Consequently, investors have it wrong when it comes to evaluating companies based on costs associated with human capital. Studies have shown that companies that invest the most in training are penalized by the market because those investments only show up as a cost, even though those companies out-perform competitors in the long term, he says.

“Right now investors are not very good at using human capital measures to make decisions,” he says. But as organizations get better at demonstrating the connection between human capital and bottom line performance, investors will take more notice.

“It is just a matter of time before investors will be knocking on the door saying they want to see numbers,” he says.

Interest in human capital measures is definitely on the rise, says Curt Coffman of the Gallup Organization and author of the seminal 1999 book, First Break all the Rules.

Traditional financial numbers are an indicator of past performance, but reliable measures of human capital are much better indicators of future performance, and therefore growth, and therefore shareholder value, he says. For four years now, Denmark has required publicly traded companies to provide numbers on the “human dimension” of the business to give investors a better sense of the value of human capital. The European Union is looking at some type of human capital reporting measures and it’s inevitable similar requirements will come to North American markets, he says.

The reason for the increased interest in human capital is straightforward, he says. Many organizations have re-engineered everything, processes and products have been reviewed and improved, and yet still they aren’t seeing any organic growth — growth without acquisition.

“It is because everyone else has achieved the same thing,” he says. “If the product isn’t a differentiating factor, what is? It is the human dimension.”

Gallop has developed a model it says clearly shows improvements to human capital, as measured by employee engagement, improve shareholder value.

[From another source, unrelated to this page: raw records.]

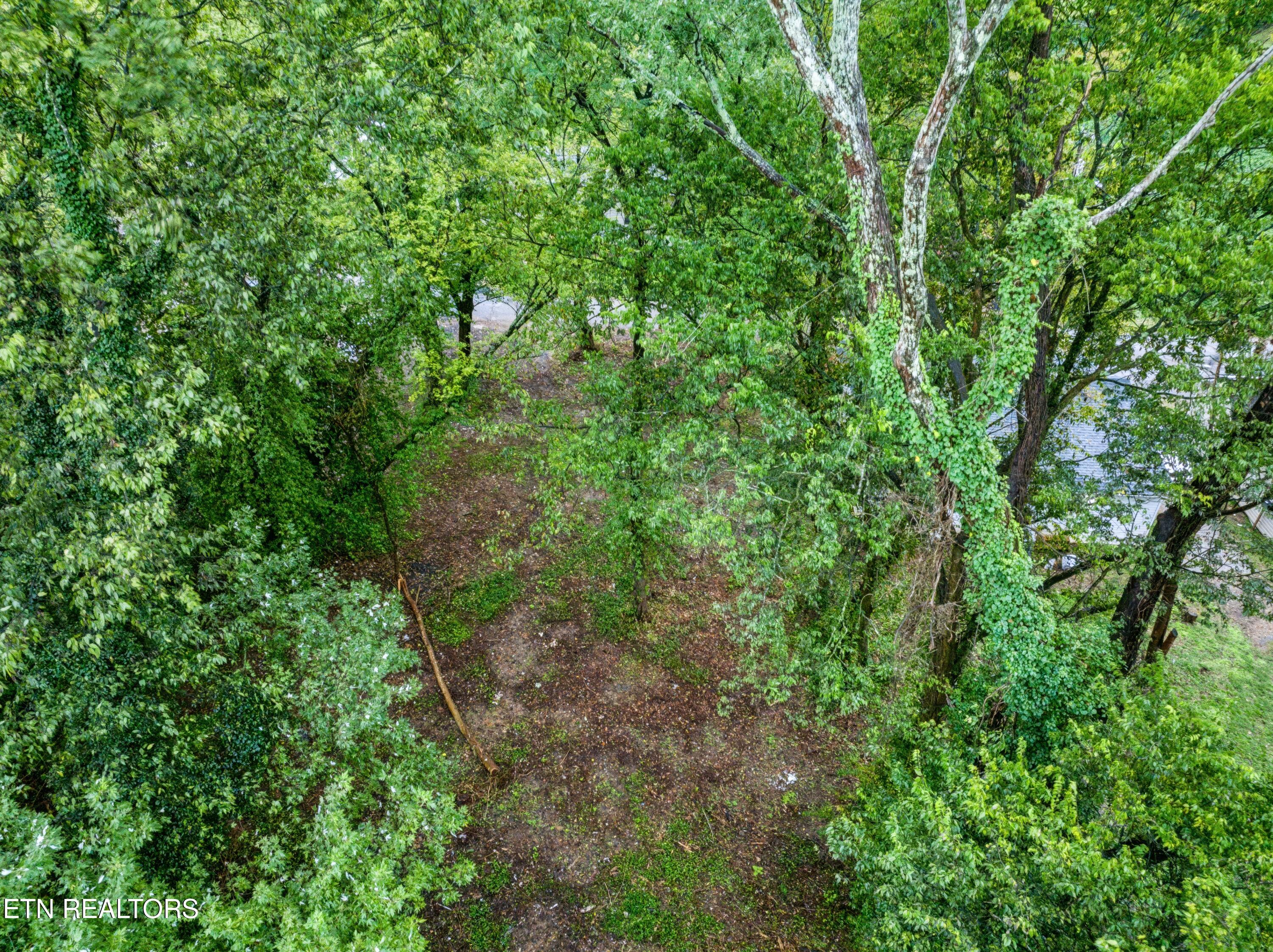 3109 Landview Drive Knoxville TN 37914
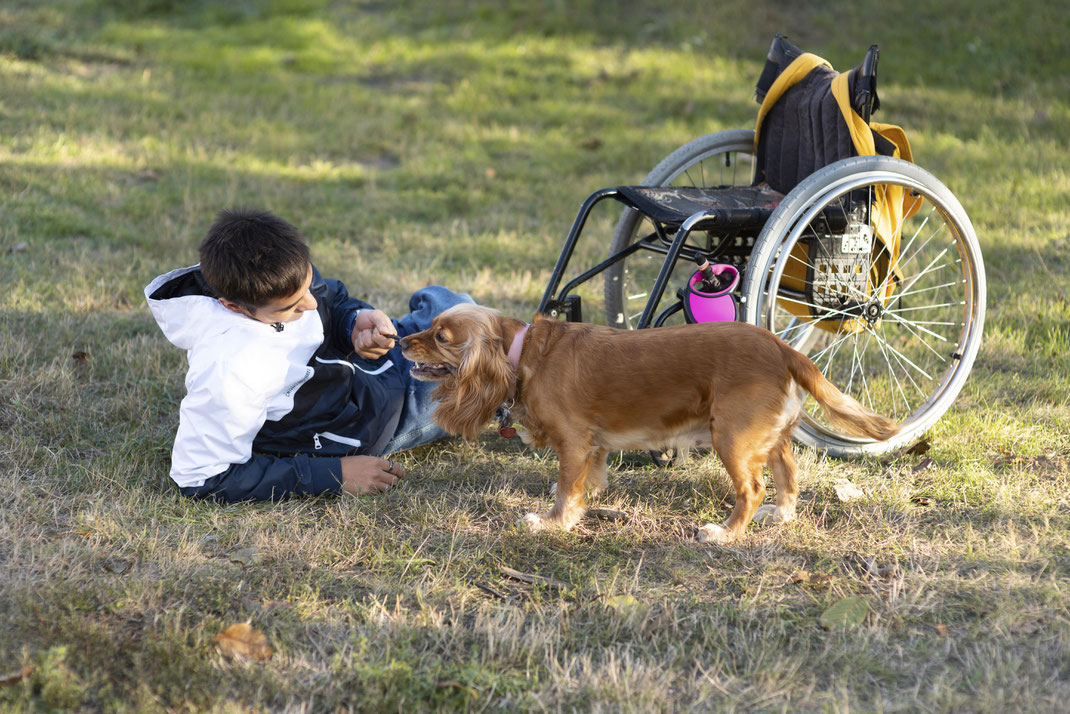 Junger Mann liegt im Gras und spielt fröhlich mit seinem braunen Hund – neben ihm steht ein Rollstuhl mit Trinkflasche und Jacke, Szene voller Nähe und Lebensfreude.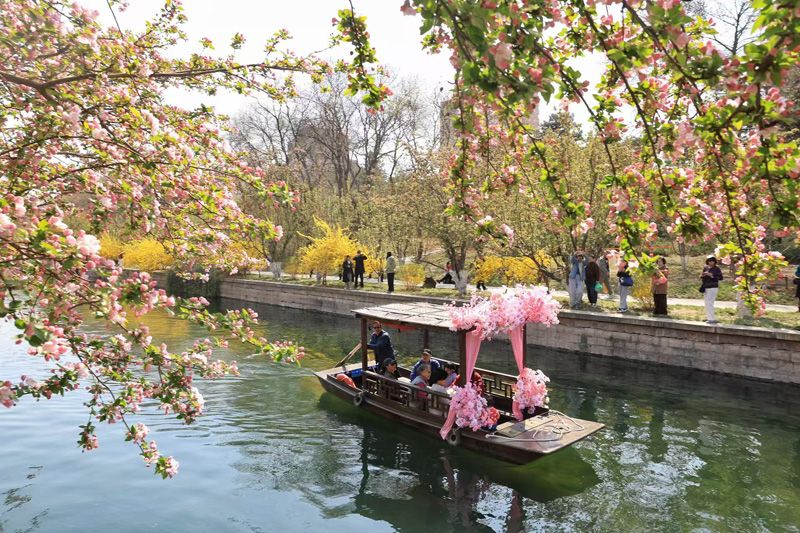 春满京城 | 元大都摇橹船开船,海棠花溪赏花正当时_新浪财经_新浪网
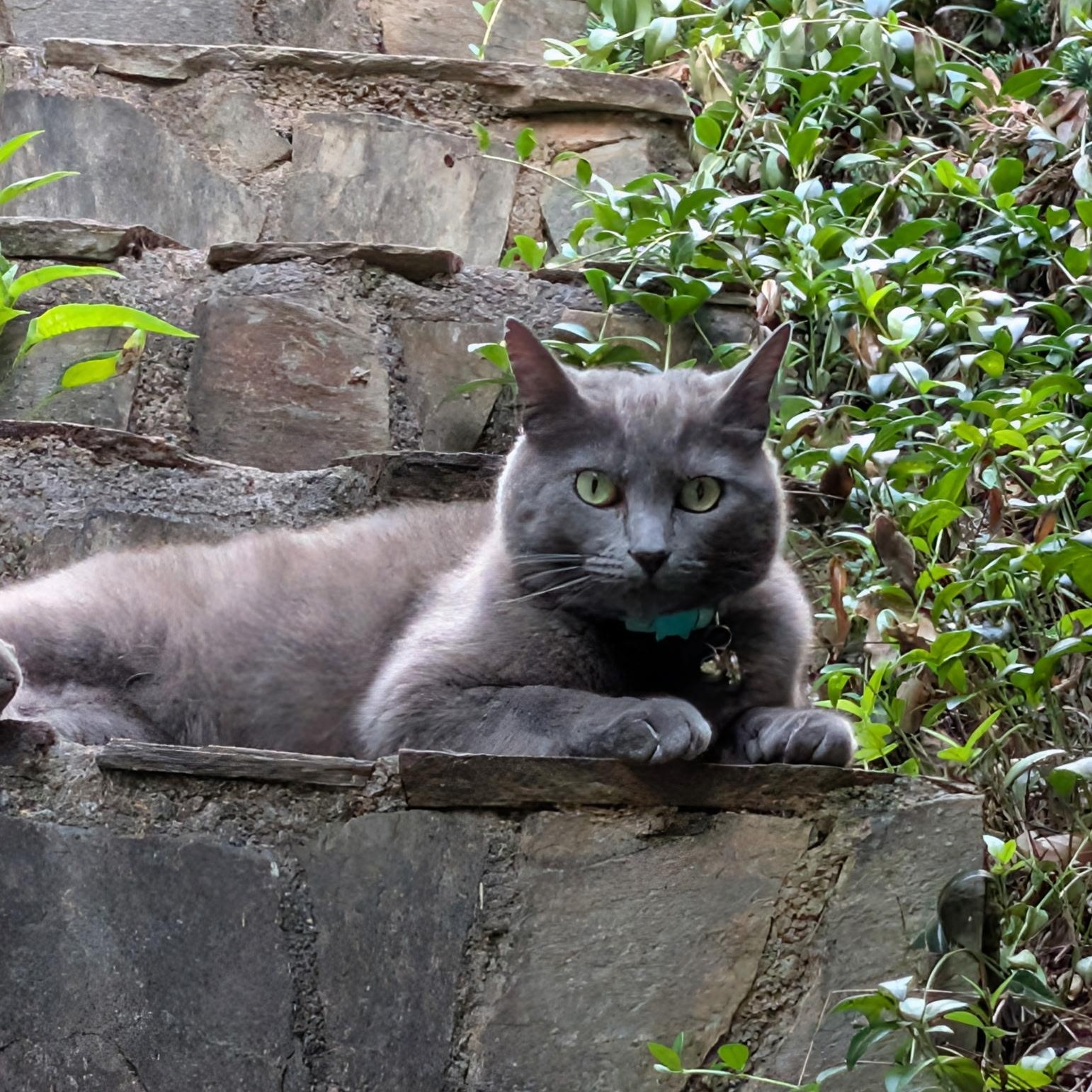 Enlarge Gabby, a Adoptable Russian Blue in Bristol, TN image 2/4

According to Gallup, engagement can be assessed through a simple 12 question framework (see “Gallup’s engagement index” below).

The most recent numbers for Canada show just 24 per cent of employees are engaged, 60 per cent are not engaged and 16 per cent are actively disengaged, said Coffman.

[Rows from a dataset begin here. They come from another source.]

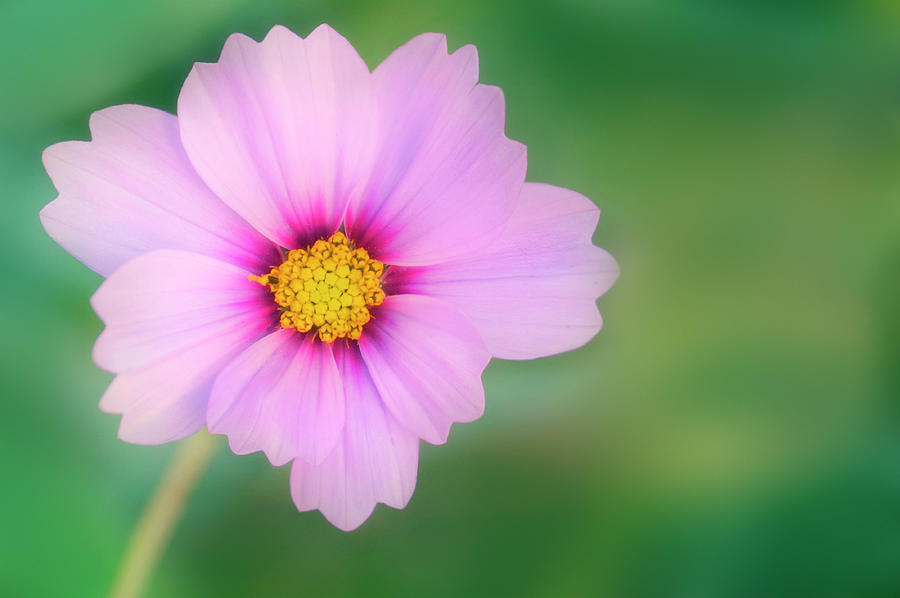 Mexican Aster (cosmos Bipinnatus) Photograph by Maria Mosolova/science Photo Library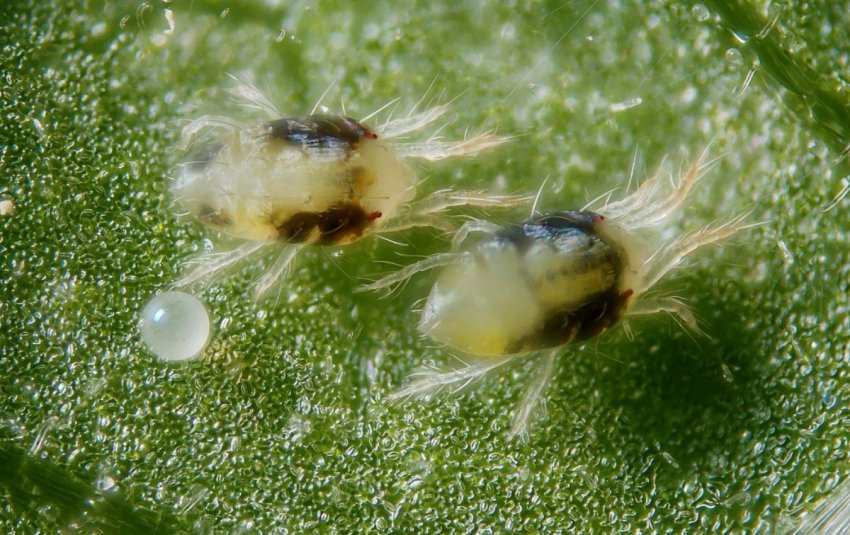 Павутинний кліщ Павутинний кліщ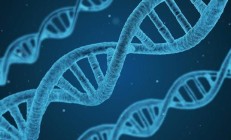 全球科技早参丨谷歌将推出下一代人工智能芯片Trillium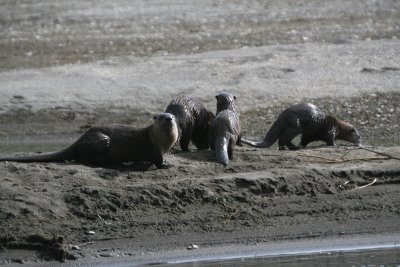 Otters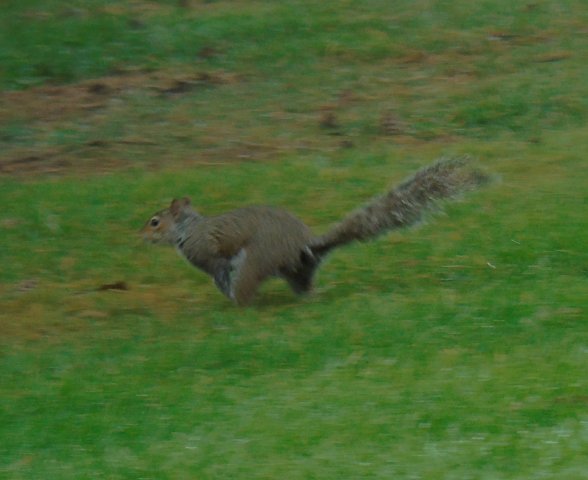 image dsc01114-jpg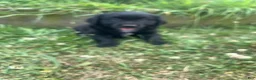 Mixed Breed dogs for sale: Lonie - Ad 4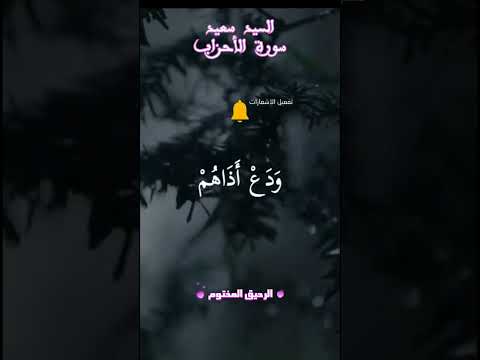 وبشر المؤمنين بأن لهم من الله فضلا كبيرا سورة الأحزاب السيد سعيد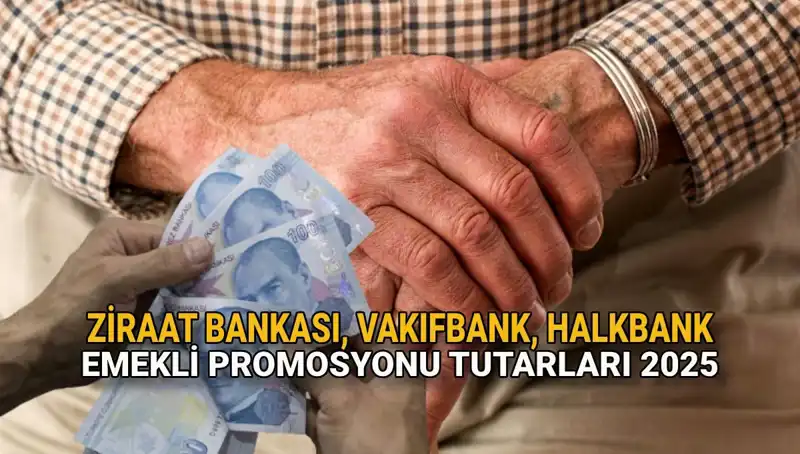 2025'te Kamu Bankalarının Emeklilere Sundukları Promosyonlar Açıklandı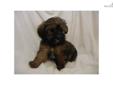 Price: $600
This advertiser is not a subscribing member and asks that you upgrade to view the complete puppy profile for this Yorkiepoo - Yorkie Poo, and to view contact information for the advertiser. Upgrade today to receive unlimited access to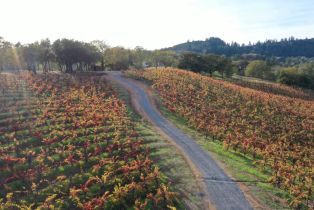 Residential Acreage,  Dry Creek road, Healdsburg, CA 95448 - 58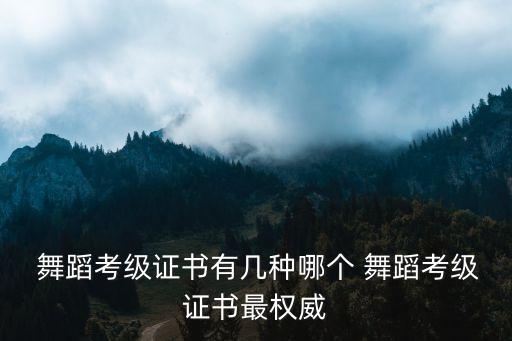 2017华彩舞蹈师资培训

In any organization the ratio between engaged and actively disengaged is a key indicator of company performance.




CFOs showing more interest in HR

A 2003 report from CFO Research Services and Mercer Human Resource Consulting looked at how and why financial executives are more interested in human capital.

Though most of 180 CFOs surveyed now see human capital as a value driver instead of a cost, just 16 per cent said they knew to a “considerable” or “great” extent the return on investments in human capital.

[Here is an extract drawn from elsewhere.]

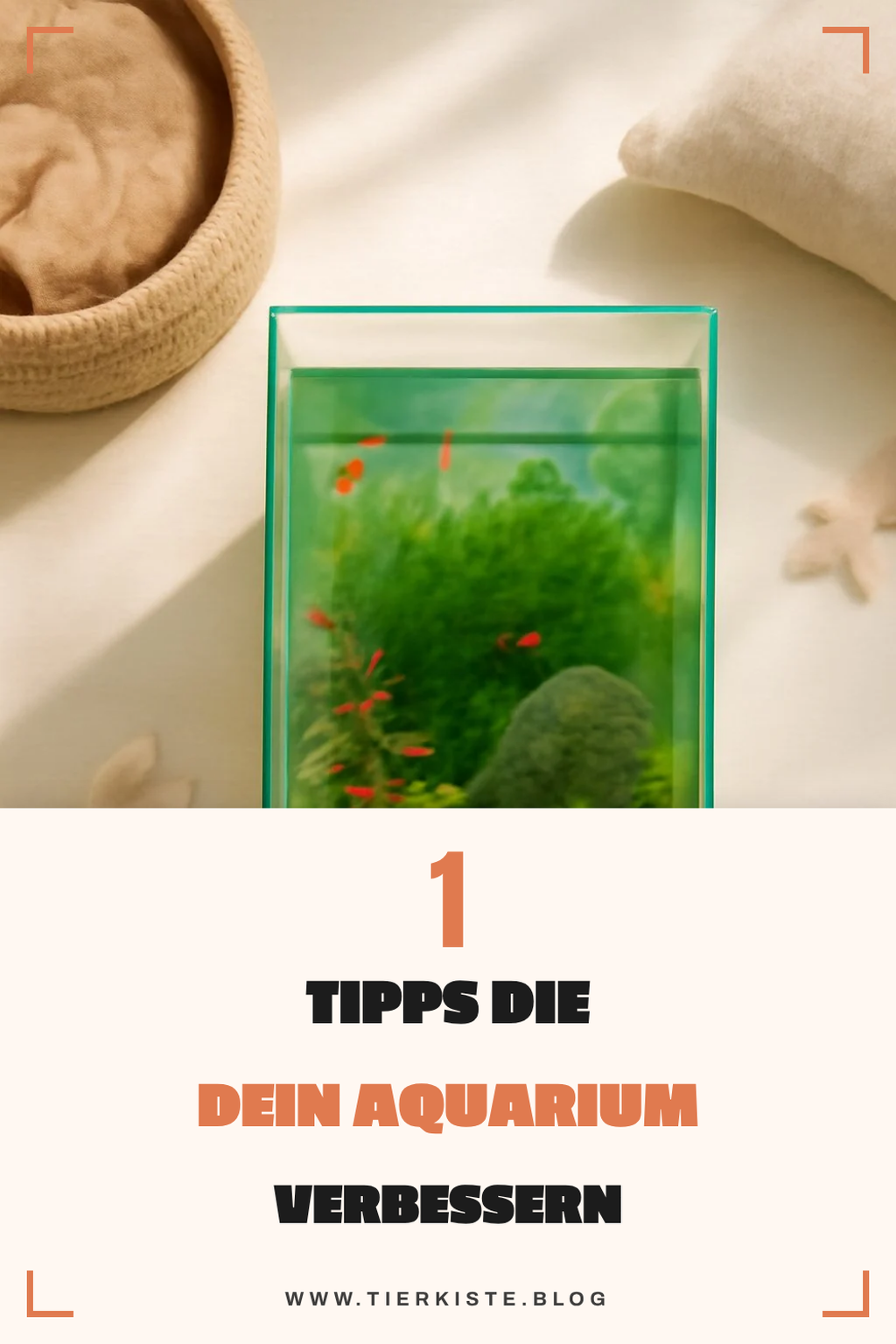 Diese 4 Aquarienpflege-Tipps revolutionieren dein Hobby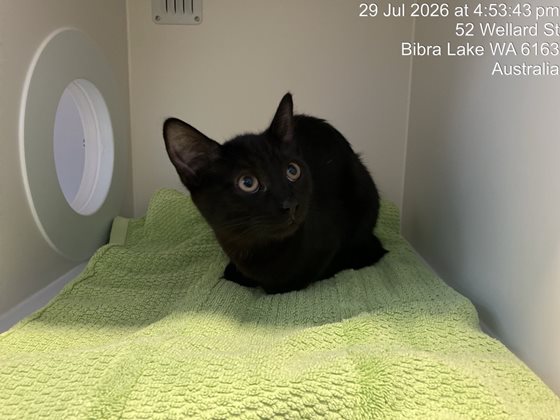 Black and White  Cat, impounded 29 July 2026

The survey revealed CFO opinions of HR are improving, but they want to play a greater role in decisions about human capital investments, which may include designing HR metrics, adding a financial perspective to HR decisions and helping link HR policy to corporate strategy.

Some CFOs are interested in ROI calculations; others still don’t put much faith in ROI methodologies, and yet others suggest there is “an intuitive understanding” that investments in human capital create value.

Nearly one-half of respondents said investors are beginning to ask about human capital issues to a “moderate extent.”




Gallup’s engagement index

•Do you know what is expected of you at work?

•Do you have the materials and equipment you need to do your work right?

•Do you have the opportunity to do what you do best every day?

•In the last seven days, have you received recognition or praise for doing good work?

•Does your supervisor, or someone at work, seem to care about you as a person?

•Is there someone at work who encourages your development?

•At work, do your opinions seem to count?

•Does the mission/purpose of your company make you feel your job is important?

•Are your associates (fellow employees) committed to doing quality work?

•Do you have a best friend at work?

•In the last six months, has someone at work talked to you about your progress?

•In the last year, have you had opportunities at work to learn and grow?